REUTERS/Carnival Cruise Lines/Handout
A statement on Carnival's website said nobody was hurt and automatic extinguishers put out the fire before it could spread from the aft engine room. The company said the US Coast Guard had been notified and was monitoring the situation.
The cruise line said another of its ships, the Carnival Elation, responded to the scene and transferred provisions to the disabled boat. Carnival says a tugboat will tow the Triumph to Progreso, Mexico, where passengers will be flown back to the United States.
The US Coast Guard says tugboats are scheduled to reach Triumph about noon Monday some 150 miles off the Yucatan Peninsula. The ship is expected to arrive in Progreso on Wednesday.
Carnival says all passengers will get a full refund, plus an equal credit for a future cruise. That's a fairly standard industry response. In fact, it's what Carnival did the last time one of its cruise ships was towed back to port in November 2010. Then, as now, an engine fire disabled Carnival's cruise ship Splendor just 14 hours into a seven-day cruise.

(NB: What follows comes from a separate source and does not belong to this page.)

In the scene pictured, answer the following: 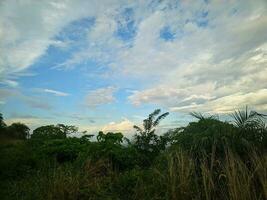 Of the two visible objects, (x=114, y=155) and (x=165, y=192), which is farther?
(x=114, y=155)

"So as a cruise ship company, what do you offer your 3,299 customers who have gone more than two days with no air conditioning, electricity, hot running water, hot food service, or telephones, who have limited running water and bathroom facilities, and who are being towed back to port by tugboats at an average four miles per hour?
Carnival has promised a full refund for this trip, as well as a free future cruise of equal value," reported The Christian Science Monitor in November 2012.
The Triumph departed Galveston on Feb. 7 and was due to return Feb. 11.
The company also canceled the Triumph's next two voyages, set to depart Feb. 11 and Feb. 16, and is offering a full refund and a discount on a future cruise.